------ DATA FOR REVIEW

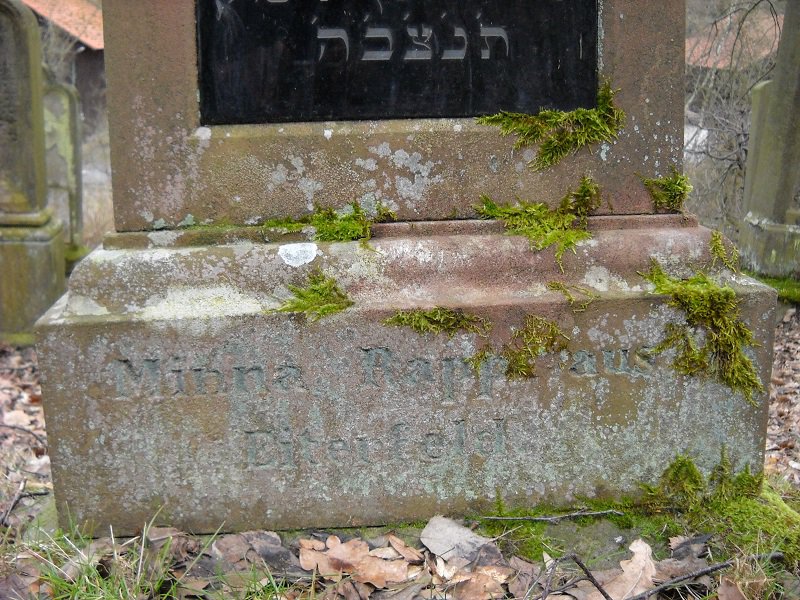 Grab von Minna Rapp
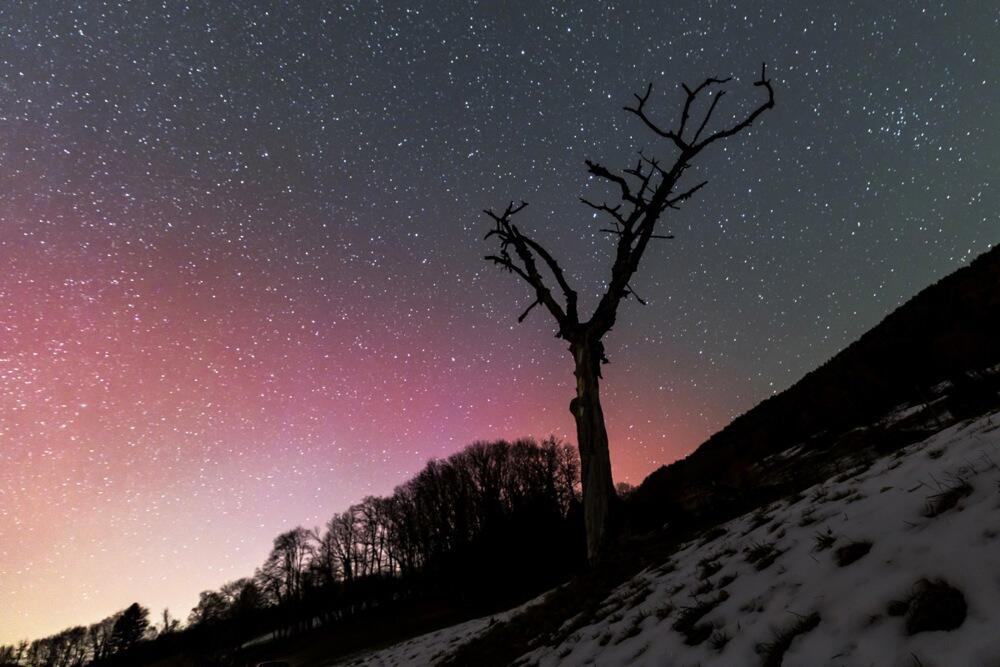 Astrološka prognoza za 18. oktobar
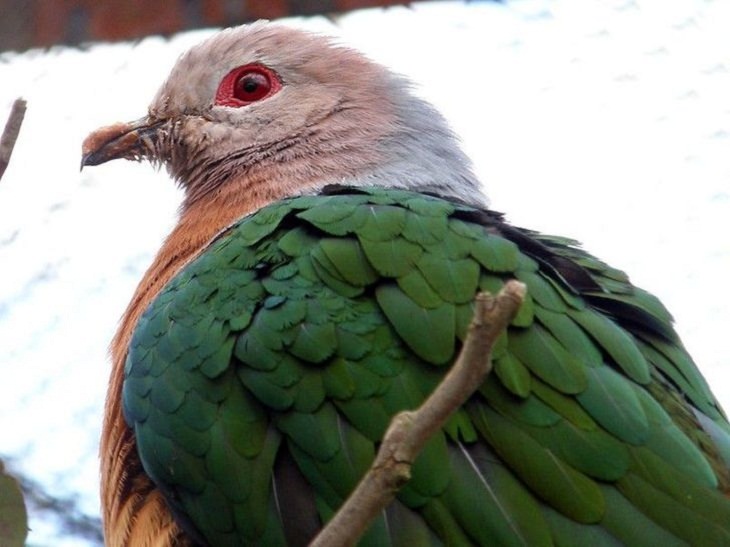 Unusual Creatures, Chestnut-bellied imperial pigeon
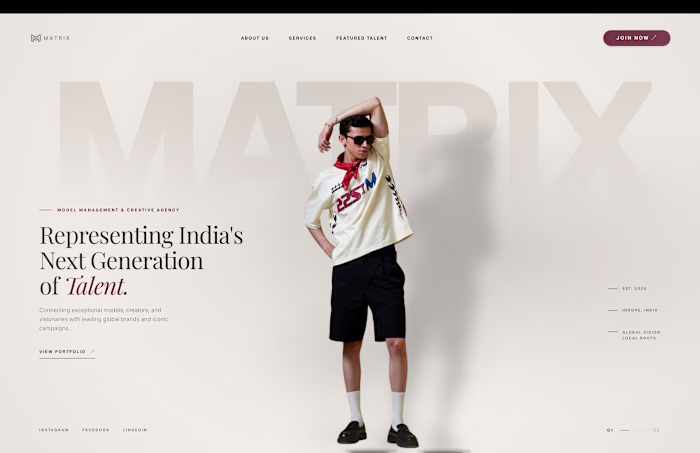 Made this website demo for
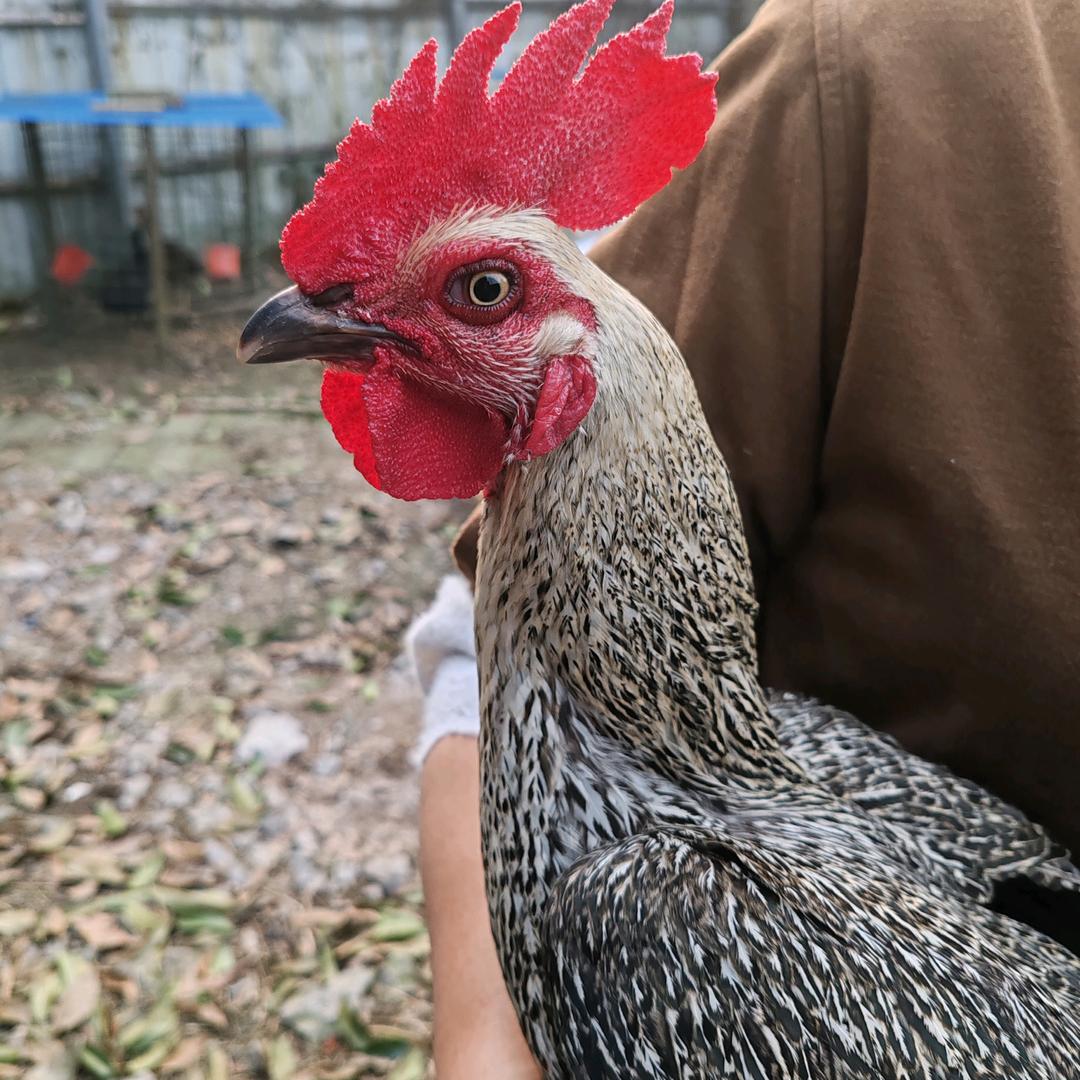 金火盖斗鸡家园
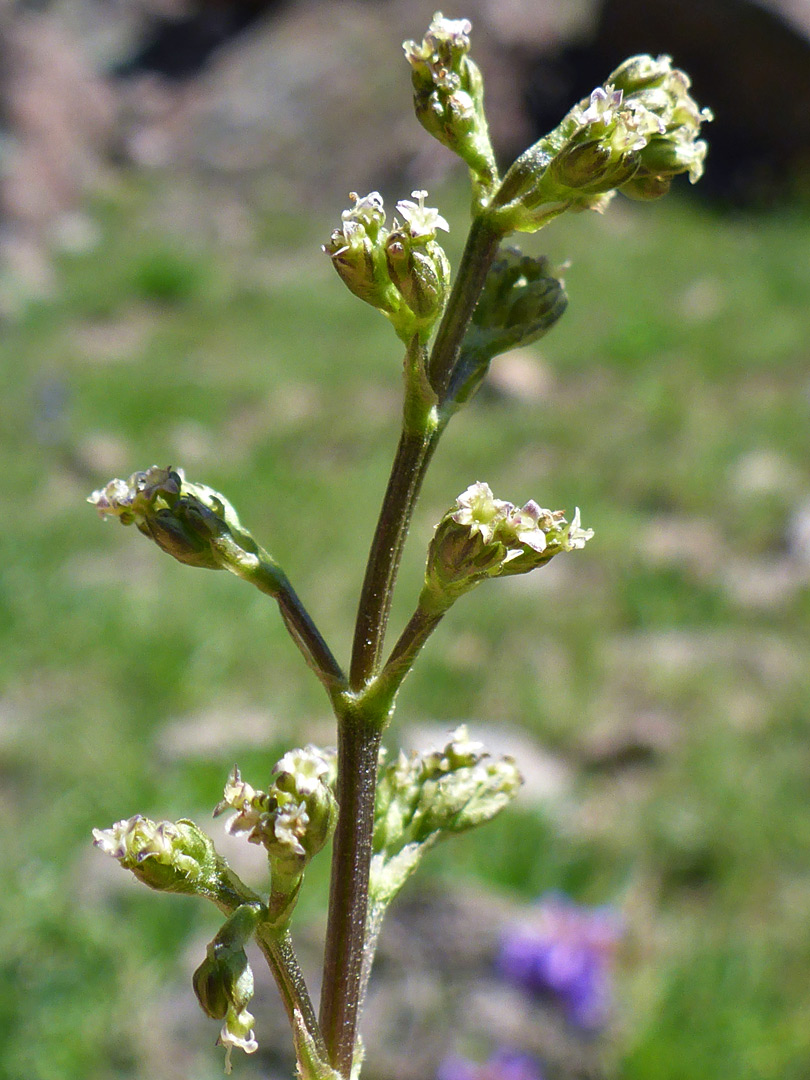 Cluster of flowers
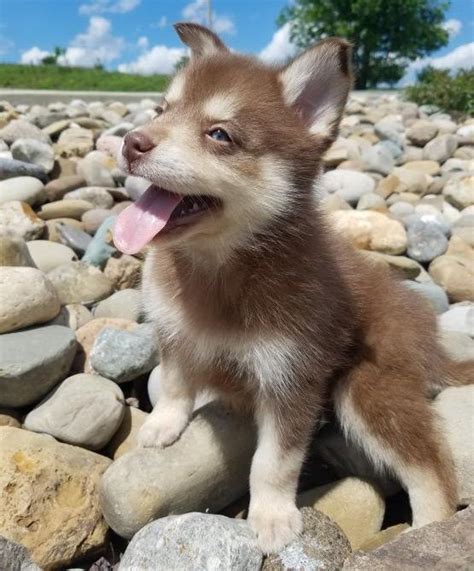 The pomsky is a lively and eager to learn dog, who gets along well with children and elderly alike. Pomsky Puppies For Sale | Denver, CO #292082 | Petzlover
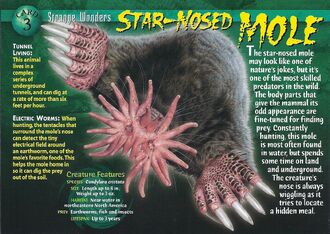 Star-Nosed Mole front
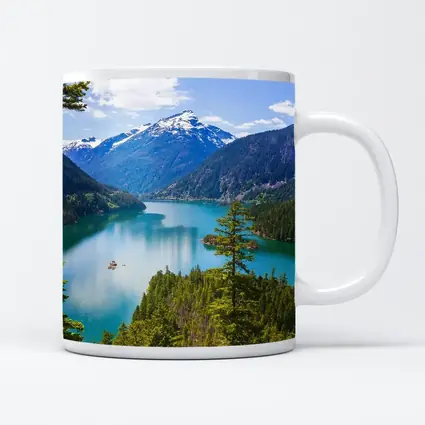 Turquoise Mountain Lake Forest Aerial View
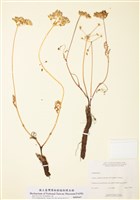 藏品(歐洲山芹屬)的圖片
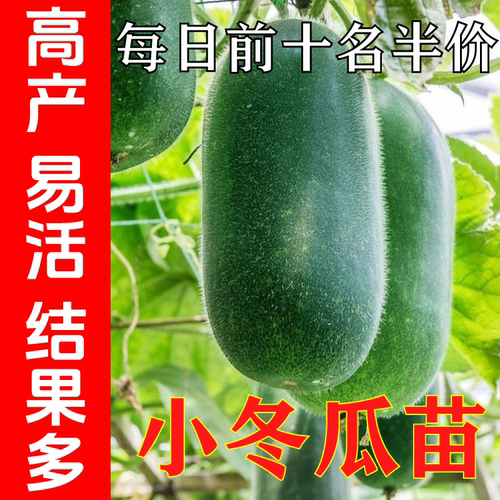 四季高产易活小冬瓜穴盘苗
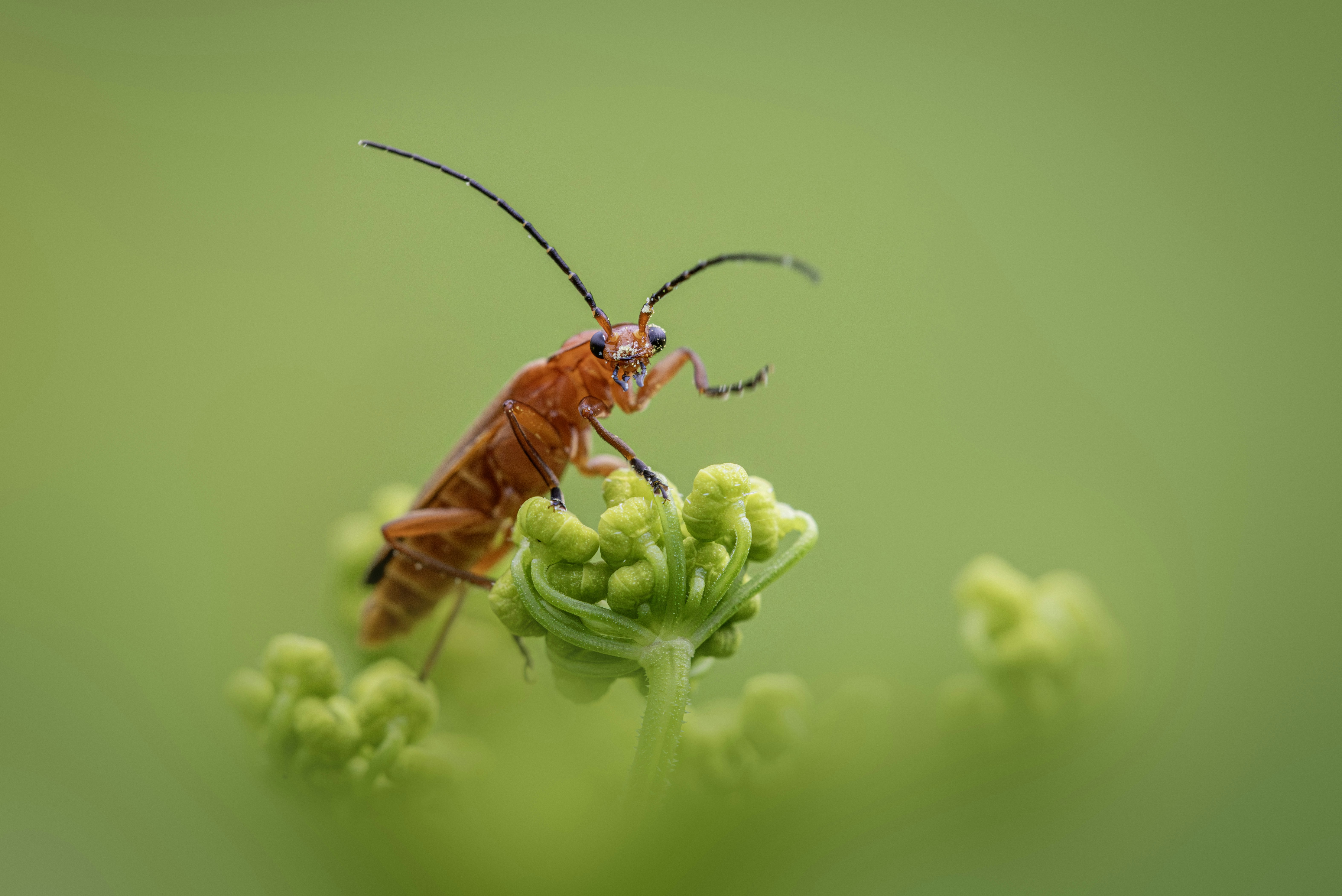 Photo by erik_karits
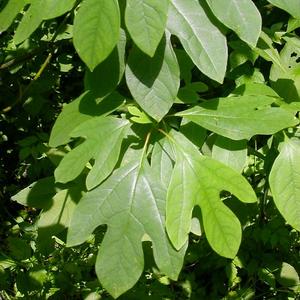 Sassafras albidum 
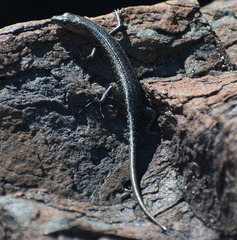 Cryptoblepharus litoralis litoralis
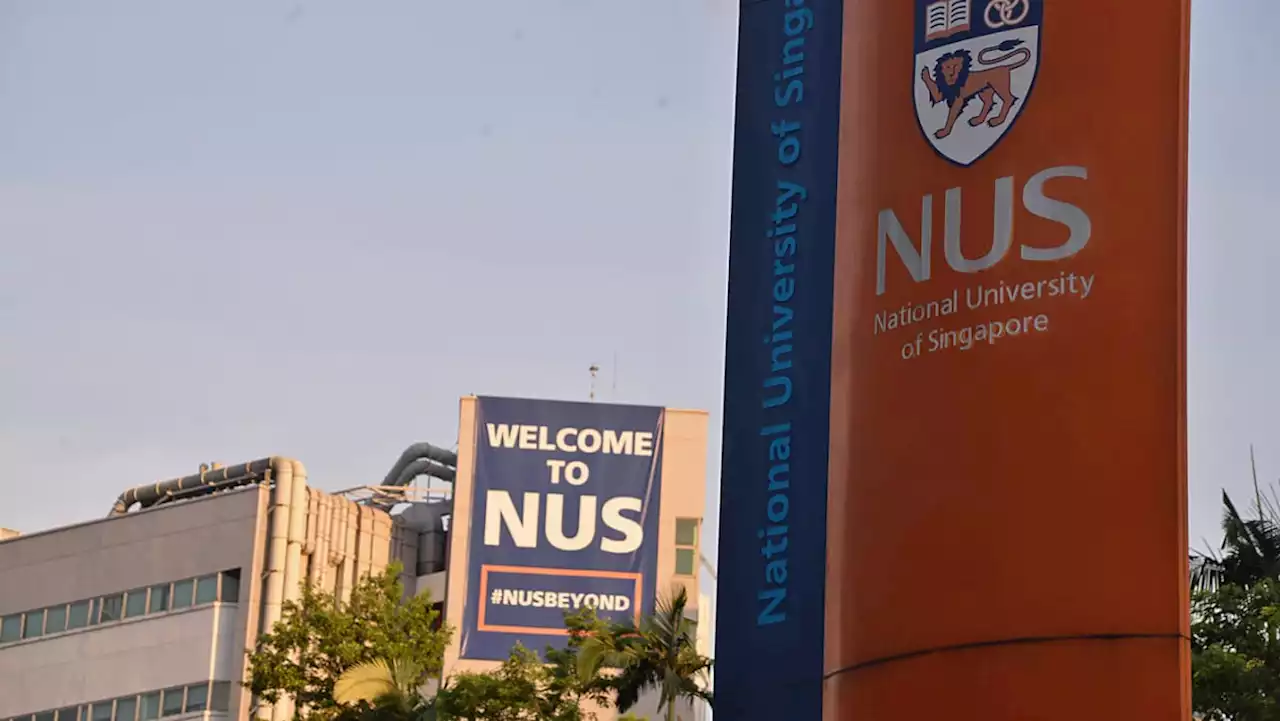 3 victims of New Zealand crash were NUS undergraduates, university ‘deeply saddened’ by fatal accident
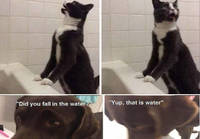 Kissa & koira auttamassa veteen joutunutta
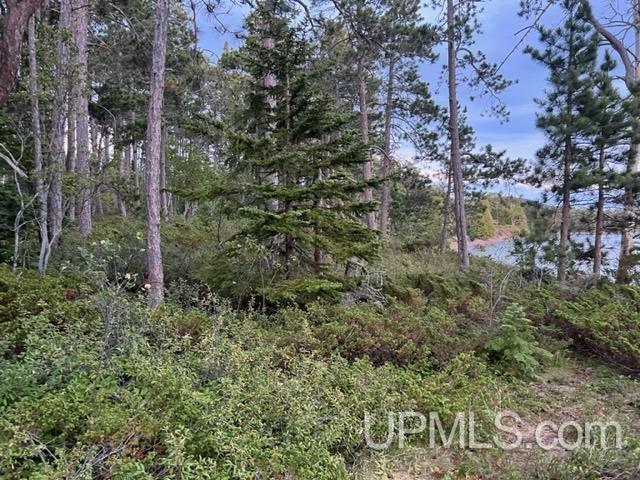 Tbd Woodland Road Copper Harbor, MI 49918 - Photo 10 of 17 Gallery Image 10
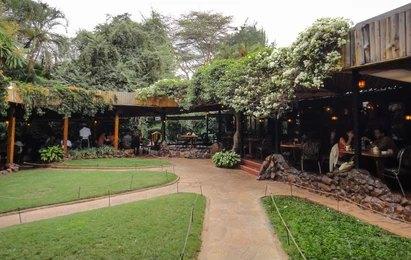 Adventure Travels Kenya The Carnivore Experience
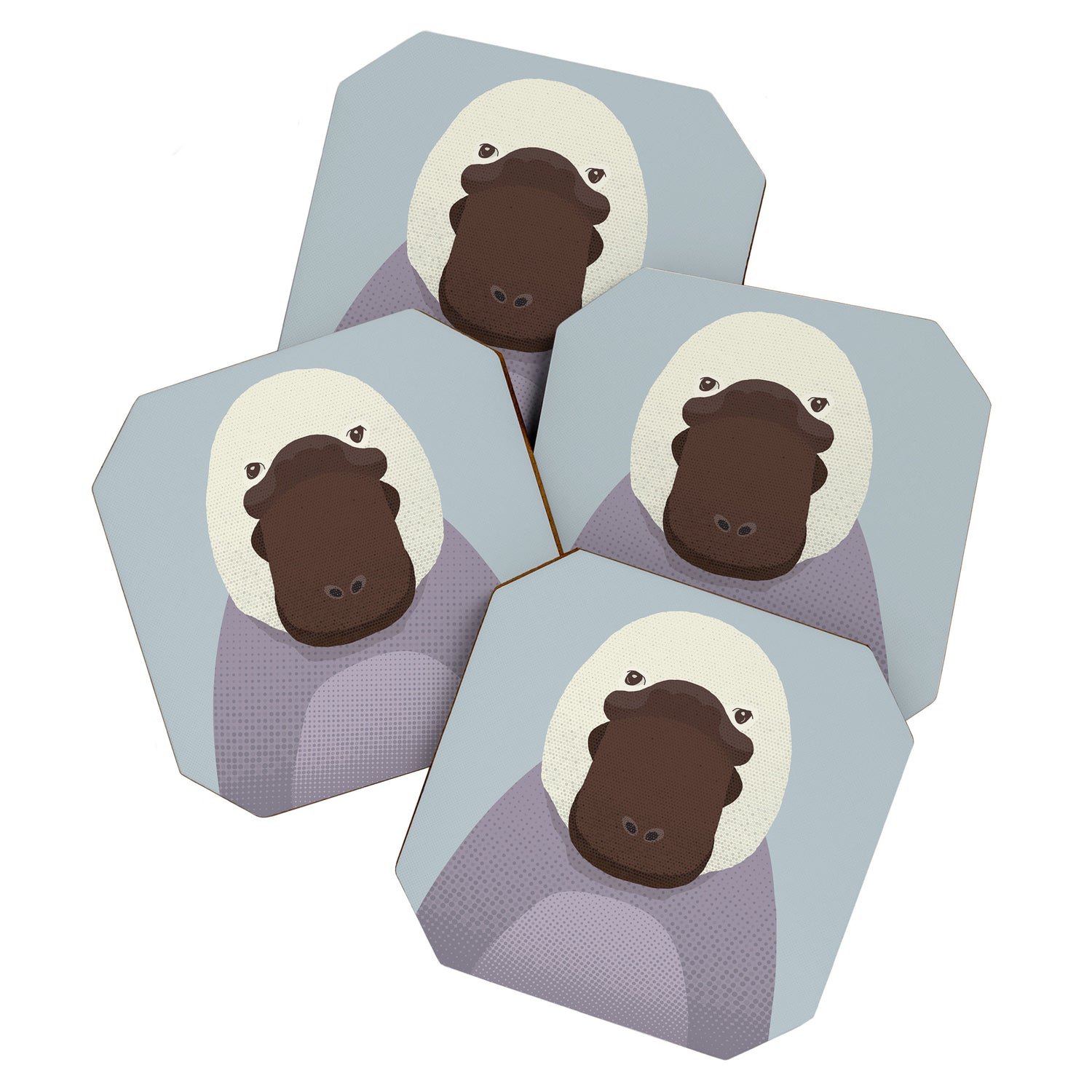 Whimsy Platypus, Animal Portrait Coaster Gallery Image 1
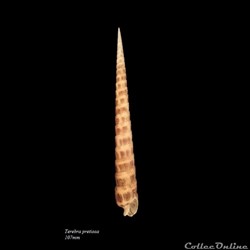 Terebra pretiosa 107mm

------------

## WHAT TO PRODUCE
Give the entries above again, exactly as written and free of images.

## EXPECTED ANSWER
 Grab von Minna Rapp
 Astrološka prognoza za 18. oktobar
 Unusual Creatures, Chestnut-bellied imperial pigeon
 Made this website demo for
 金火盖斗鸡家园
 Cluster of flowers
 The pomsky is a lively and eager to learn dog, who gets along well with children and elderly alike. Pomsky Puppies For Sale | Denver, CO #292082 | Petzlover
 Star-Nosed Mole front
 Turquoise Mountain Lake Forest Aerial View
 藏品(歐洲山芹屬)的圖片
 四季高产易活小冬瓜穴盘苗
 Photo by erik_karits
 Sassafras albidum 
 Cryptoblepharus litoralis litoralis
 3 victims of New Zealand crash were NUS undergraduates, university ‘deeply saddened’ by fatal accident
 Kissa & koira auttamassa veteen joutunutta
 Tbd Woodland Road Copper Harbor, MI 49918 - Photo 10 of 17 Gallery Image 10
 Adventure Travels Kenya The Carnivore Experience
 Whimsy Platypus, Animal Portrait Coaster Gallery Image 1
 Terebra pretiosa 107mm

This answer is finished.